What to make of this? Turkey’s prowess in the competition for foreign direct investment is the result of two factors: its friendliness as a foreign capital destination, and its fiscal discipline.

The innovative medicines sector in Turkey captures Turkish fiscal problems in a nutshell. In recent years, Turkey opened its borders to Phase I, II, III and IV medical trials, making itself an attractive destination due to lower costs and a population mostly unexposed to innovative medicines. Yet late last year, Turkey’s National Health Service reduced manufacturer reimbursements for drug costs by 30%, a move that is scaring off investors. It’s this tendency to govern in lurches, rather than by policy, that scares off new investment. Investors want predictability. During a global economic downturn, when Turkey must compete for every investment dollar, corporations need government strategy, not tactics. Government officials must be able to hold out for the long-term, even against determined political pressure.

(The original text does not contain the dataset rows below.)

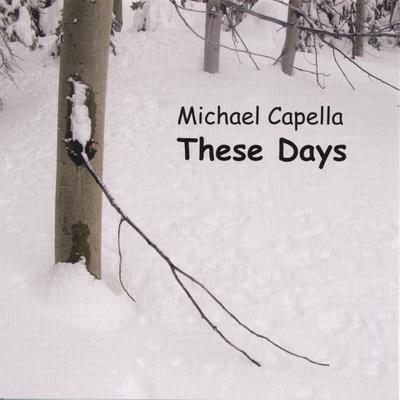 Michael Capella's cover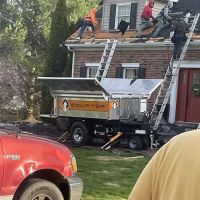 Advanced Roofing Solutions ico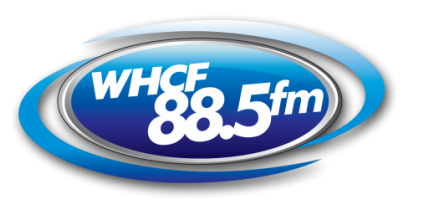 WHCF 88.5 FM Broadway Bangor, Maine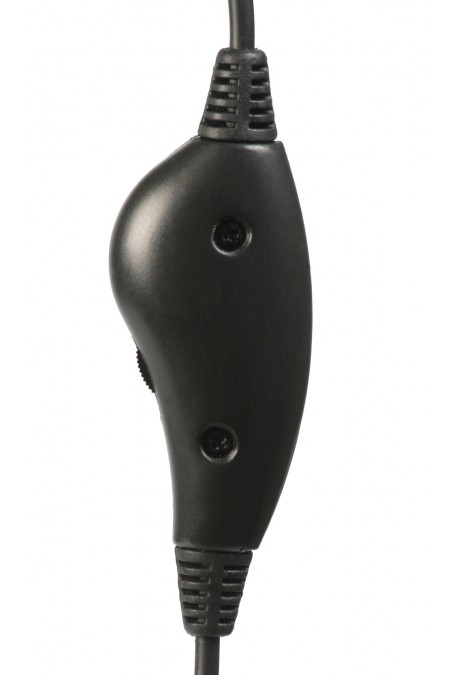 Компьютерная гарнитура SVEN АР-600 (черный) 6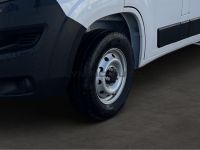 Fiat Ducato 2.2MJT L2H2 KaWa KAMERA KLIMA-AT TEMPOMAT - Image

The WSJ/Heritage Index defines “economic freedom” as “the fundamental right of every human to control his or her own labor and property.” In an economically free society, individuals are free to work, produce, consume, and invest in any way they please, with that freedom both protected by the state and unconstrained by the state. In economically free societies, governments allow labor, capital and goods to move freely, and refrain from coercion or constraint of liberty beyond the extent necessary to protect and maintain liberty itself.”

We know that using this definition, “economic freedom” is an imperfect measure of a nation’s well-being. Freedom of capital never guaranteed anyone a job. The “lottery of birth” does not guarantee equal access to capital, it guarantees the opposite. But viewed strictly in economic terms, the WSJ/Heritage Index is a solid barometer of national attractiveness to FDI.

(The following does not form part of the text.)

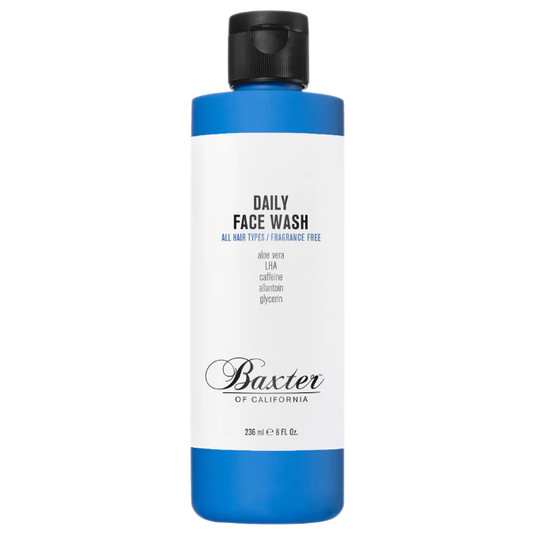 Daily Face Wash - 8 oz.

According to this year’s Index, “[Turkey’s] score is 2.2 points higher than last year, reflecting improved scores especially in investment freedom, freedom from corruption, and fiscal freedom.”

This is good news. Turkey has become more welcoming to foreign investment in terms of investor protections. Some key problems remain, including inflexible labor regulations and corruption.

The Standard & Poor’s rating system makes no claims to philosophical underpinnings. It limits itself to a nation’s projected reliability as a debtor. We can thus discern the key findings this year: (a) Turkey is viewed, unfortunately, at the bottom in terms of credit worthiness and (b) Turkey has made no progress since 2008. Turkey is viewed as a credit risk. The lack of fiscal discipline is relevant: Turkey’s 2009 budget deficit is 52.2 billion Turkish Liras, a threefold increase over 2008.

In this, Turkey mirrors the United States, and its current policy of deficit spending to spur the economy. But deficit spending, aside from encouraging inflation, discourages lenders, because it tends to weaken the lira: even when debtors are fully repaid, they lose money anyway.

The U.S., far ahead of Turkey on the Economic Freedom scale, has seen no change to its triple-A S&P rating. But the dollar remains the world’s reserve currency, making the U.S. unique. Still the solution for Turkey parallels what U.S. policy should be.

We at the chamber believe international comparisons are useful, if not always gospel. In 2010, we can only encourage policymakers to try to adhere to fiscal discipline, and to resume the enthusiasm for reform that drove economic activity for most of the past decade. A lower budget deficit makes for a stronger currency and reassures investors. Economic reform gives them confidence. It is never more difficult, but never more important, to hew to the long term in policy during uncertain times. As famous American President Ronald Reagan once said, “Stay the course.”

* Rahşan Cebe is chairwoman of the American Business Forum in Turkey, an affiliate of the U.S. Chamber of Commerce.